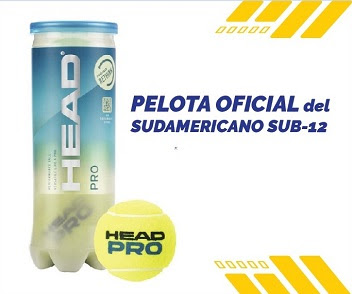 Pelota Oficial del Sudamericano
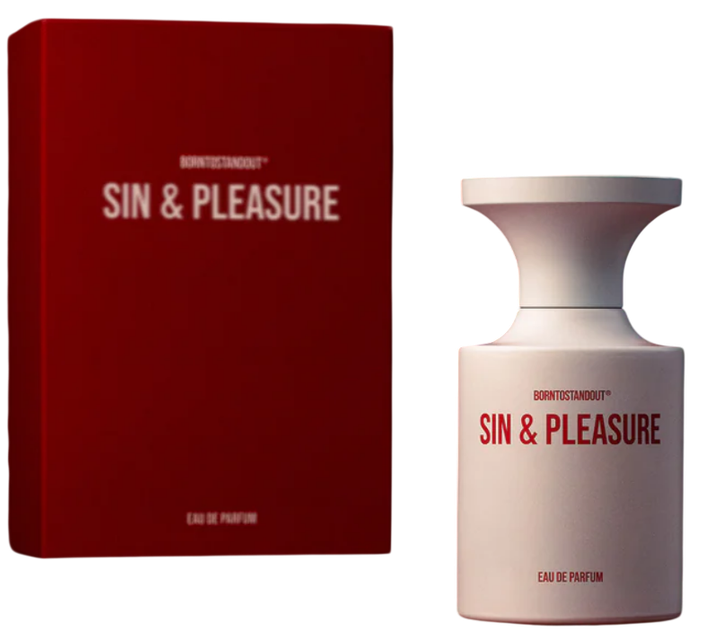Woda perfumowana unisex Borntostandout Sin & Pleasure 50 ml (8809840210806) - obraz 2
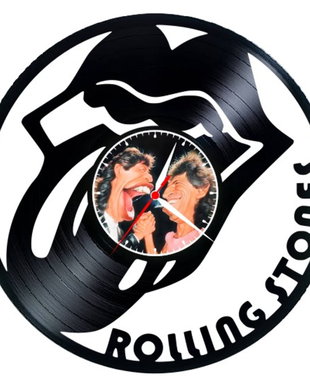 ROLLING STONES-ceas de perete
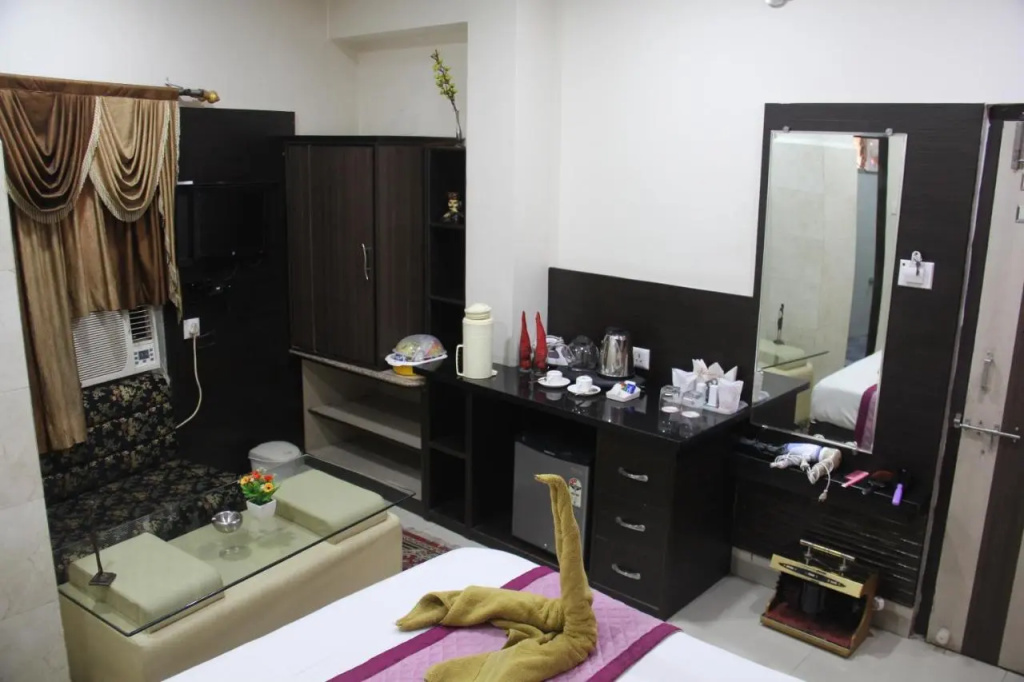 Hotel Bhagyodaya Residency - Général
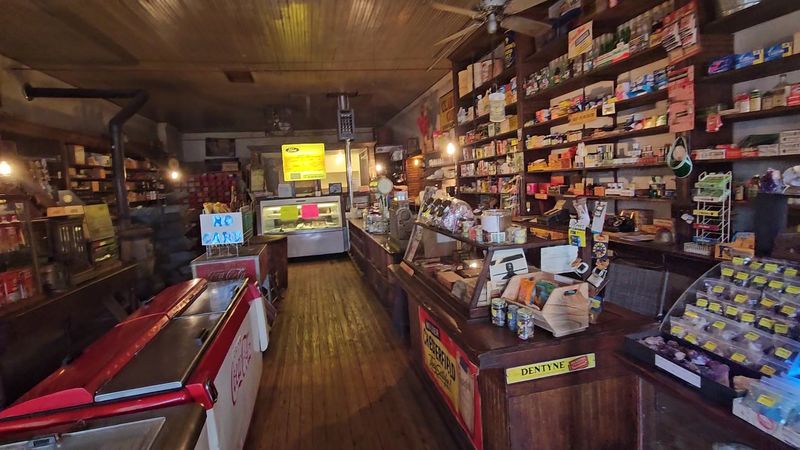 9 Old-Fashioned Georgia Markets Worth Driving Across The State For - Decor Hint C.F. Hays & Sons General Store, Musella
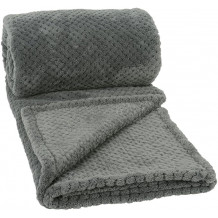 Plaid 130X160 cm personnalis&eacute;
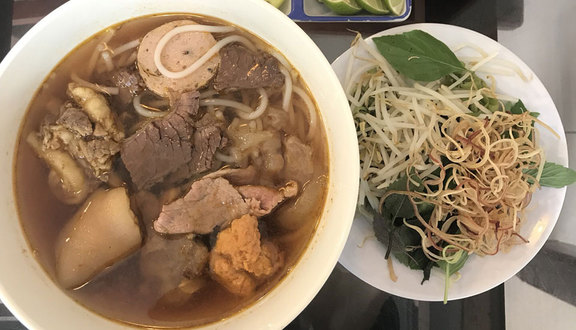 Bún Bò Huế - Đường Số 6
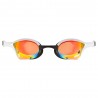 Arena Occhialini Nuoto Cobra Ultra Swipe Mirror Giallo Bianco Uomo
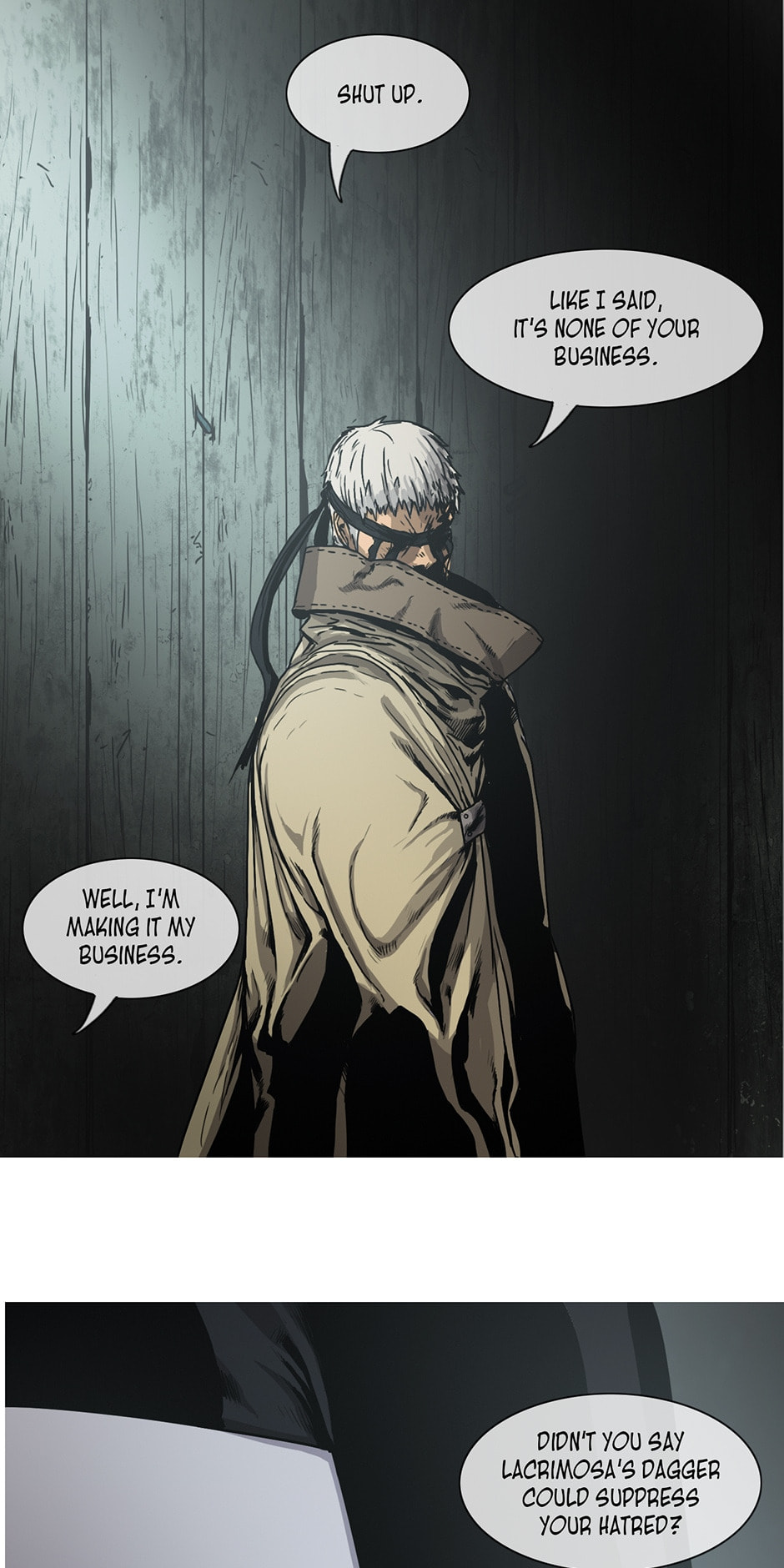 Read Garyuu Kyousuke Public File chapter 91 image 3 on Lezhin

───

- [Description of the task] Everything in the records above must be repeated exactly, apart from the pictures.

- [Answer below]
 Pelota Oficial del Sudamericano
Woda perfumowana unisex Borntostandout Sin & Pleasure 50 ml (8809840210806) - obraz 2
 ROLLING STONES-ceas de perete
 Hotel Bhagyodaya Residency - Général
 9 Old-Fashioned Georgia Markets Worth Driving Across The State For - Decor Hint C.F. Hays & Sons General Store, Musella
 Plaid 130X160 cm personnalis&eacute;
 Bún Bò Huế - Đường Số 6
 Arena Occhialini Nuoto Cobra Ultra Swipe Mirror Giallo Bianco Uomo
 Read Garyuu Kyousuke Public File chapter 91 image 3 on Lezhin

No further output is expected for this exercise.